Review: Mac Miller - Circles
[rating]4[/rating]
Maturity isn’t a good fit for every rapper (see: Kanye’s bedraggled coming-to-Jesus phase). But through 2018 it was working a treat for former bad boy — and Ariana Grande’s ex — Mac Miller. But then his story turned to tragedy as that September, the 26 year-old died of an accidental drug overdose.
He had at that point already given us a clue where his music was going with his fifth album Swimming. And now comes Circles, his heartbreaking sign-off completed posthumously by producer Jon Brion.
Even outside of the context of Miller’s death, the record is deeply affecting as the rapper takes stock of his life, mistakes made, his hopes and fears for the future.
But when listened to in the context of what was to follow just months after the recording sessions, the effect is at moments searingly emotive.

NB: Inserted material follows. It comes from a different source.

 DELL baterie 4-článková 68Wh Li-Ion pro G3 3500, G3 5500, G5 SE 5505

The charge against Miller was that he was more mumbler than rapper. He certainly takes a lo-fi stance on Circles, delivering his lines in an often world-weary mutter.

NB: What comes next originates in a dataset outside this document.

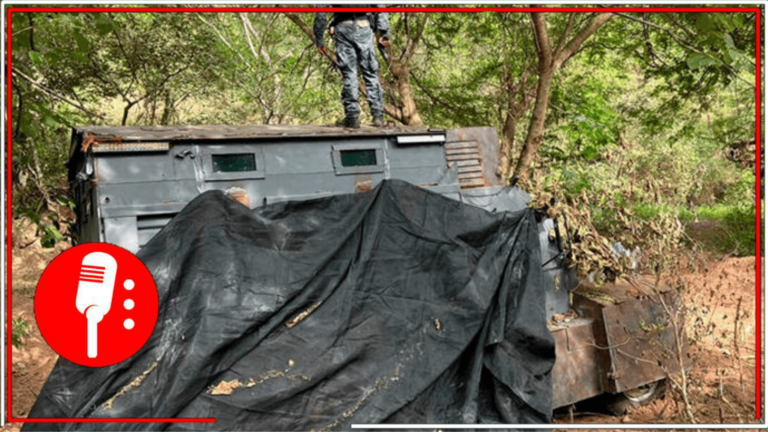 Fuerzas de seguridad mexicanas rescatan a ocho extranjeros y desmantelan red criminal en Frontera Comalapa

When paired with gentle orchestration from Brion — who has produced everything from Kanye’s Late Registration to Rufus Wainwright’s Want — the impact is devastating.
He simmers with anguish on a cover of Love’s ‘Everybody’s Gotta Live’ (listed simply as Everybody). Miller here comes over like a young Tom Waits experimenting in hip hop and unsure if it’s quite his thing. The tentativeness is what makes the moment. Miller is anxious and ardent, determined to bare his soul.

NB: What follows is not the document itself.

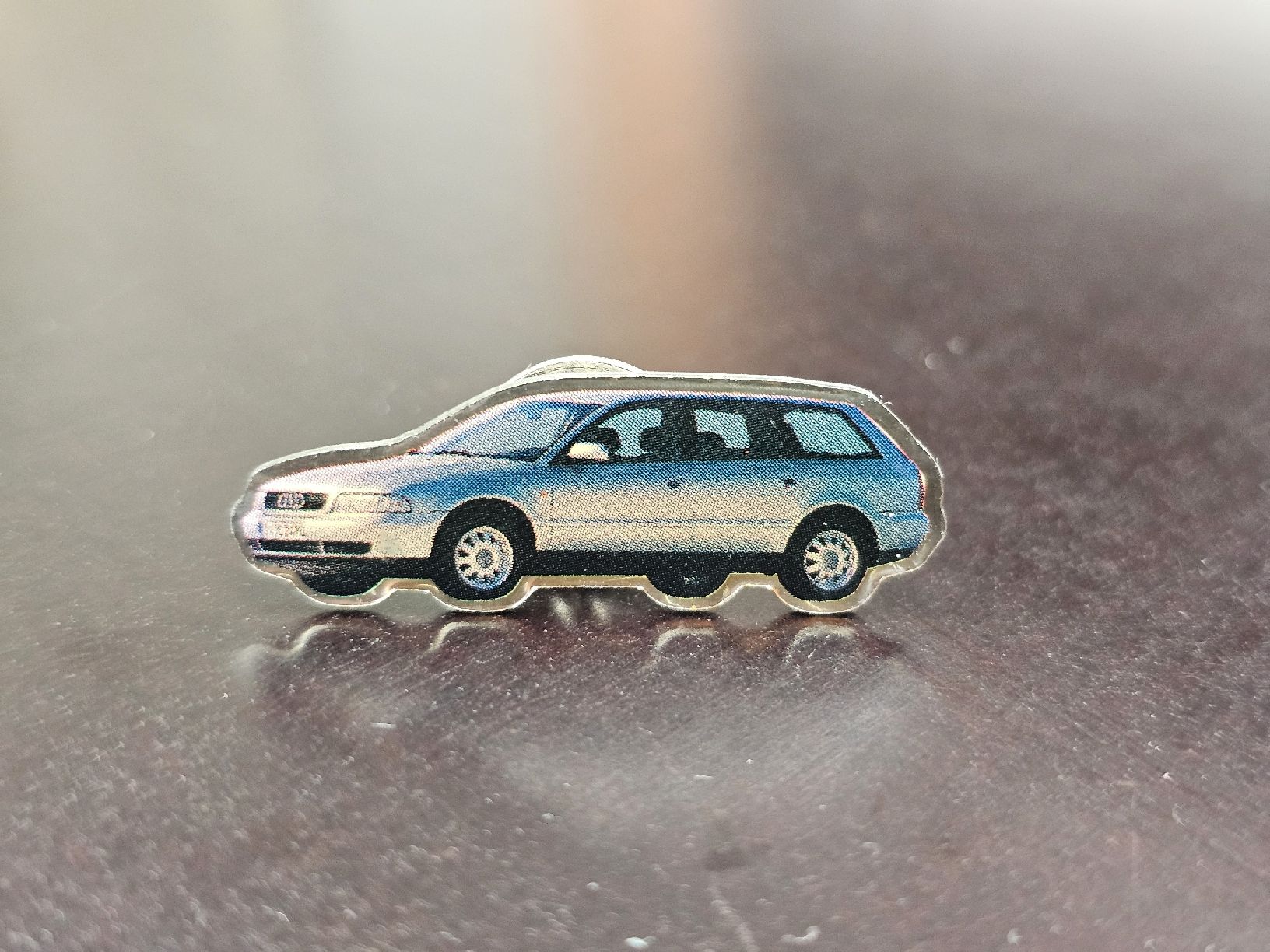 Broches & Aiguilles: Audi A4 Pin – Neuf (Voir description) à Burgistein par chillyB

Again and again, Miller holds up a mirror and doesn’t like what he sees. Confessional angst seeps through the pores of ‘That’s One Me’ (“It’s all my fault” he stutters.).
A chilling fatalism is meanwhile discernible on the single ‘Good News’. “I haven’t seen the sun in a while but I heard the sky’s still blue.”
He sounds like someone in a dark place, dreaming of the light.